CBC/Radio-Canada president and CEO Catherine Tait says the public broadcaster had no choice but launch legal action against the federal Conservative Party over its use of CBC/Radio-Canada materials in partisan advertising. (iStock)

CBC defends decision to sue Conservative Party over election ads

Journalistic independence is such an important principle that Canada’s public broadcaster had no choice but to launch legal action against the Conservative Party for using excerpts of its on air reports and programs in partisan advertising, says the head of the Canadian Broadcasting Corporation (CBC).

“All public broadcasters depend on public trust,” CBC/Radio-Canada president and CEO Catherine Tait said in a statement released Wednesday. “They can’t exist without it.
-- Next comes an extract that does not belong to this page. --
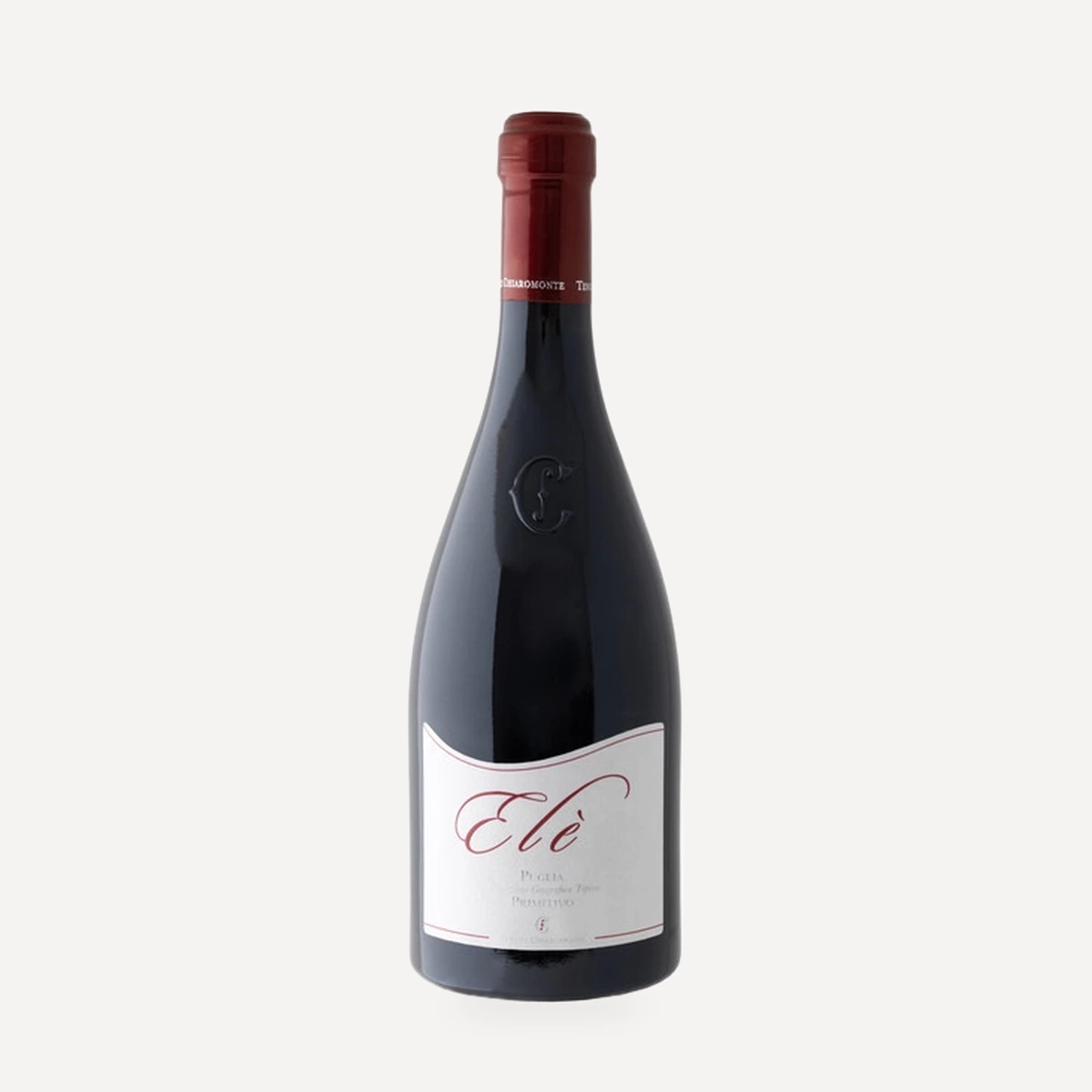 Ele Primitivo Puglia IGT wine — Chiaromonte winery — Dionysus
People must have confidence that the public broadcaster and its journalists are impartial; that they exist to serve the public and not the government or any political party.”

That’s the reason why CBC/Radio-Canada, like other media organizations, does not allow any political party to take excerpts of its journalism and use them out of context, in partisan advertising, Tait said.
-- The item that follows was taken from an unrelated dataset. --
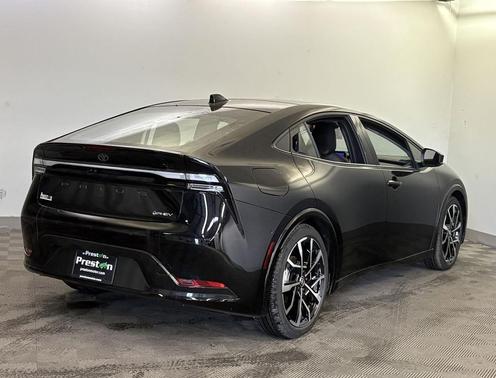 Midnight Black Metallic 2026 Toyota Prius Plug-In Hybrid XSE Premium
“Using our content, and footage of our journalists out of context, risks creating the impression that CBC/Radio-Canada supports the messages in the advertising,” Tait said. “Even worse, it leverages our reputation for trust and impartiality in order to give legitimacy to a partisan position.”

A matter of public trust

Such partisan use of CBC/Radio-Canada materials can undermine the public’s trust and is particularly dangerous in a digital environment where news organizations are increasingly attacked by actors who want to weaken support for credible, trusted news, she added.
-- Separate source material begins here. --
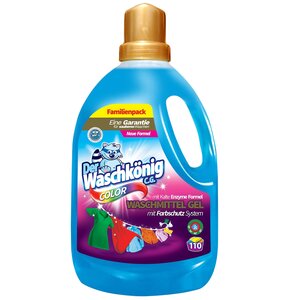Żel do prania DER WASCHKONIG Color 3305 ml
“CBC/Radio-Canada does not take sides in election campaigns,” Tait said. “But if we allow our material to be used for partisan purposes, then we risk appearing to have done precisely that.”

She said the public broadcaster made clear to all political parties at the start of the current election campaign that it will not tolerate the use of CBC/Radio-Canada content in partisan ads and it would take action against any party if that happened.

However, on Oct. 4, the Conservative Party published a video on its website, Facebook page and YouTube page. The video contained excerpts from an “At Issue” segment from CBC’s The National; a comment from a CBC journalist on Power and Politics and commentary from The National.

It also contained two excerpts from a CBC Politics broadcast of a town hall event, which were edited to appear as if they were a single segment.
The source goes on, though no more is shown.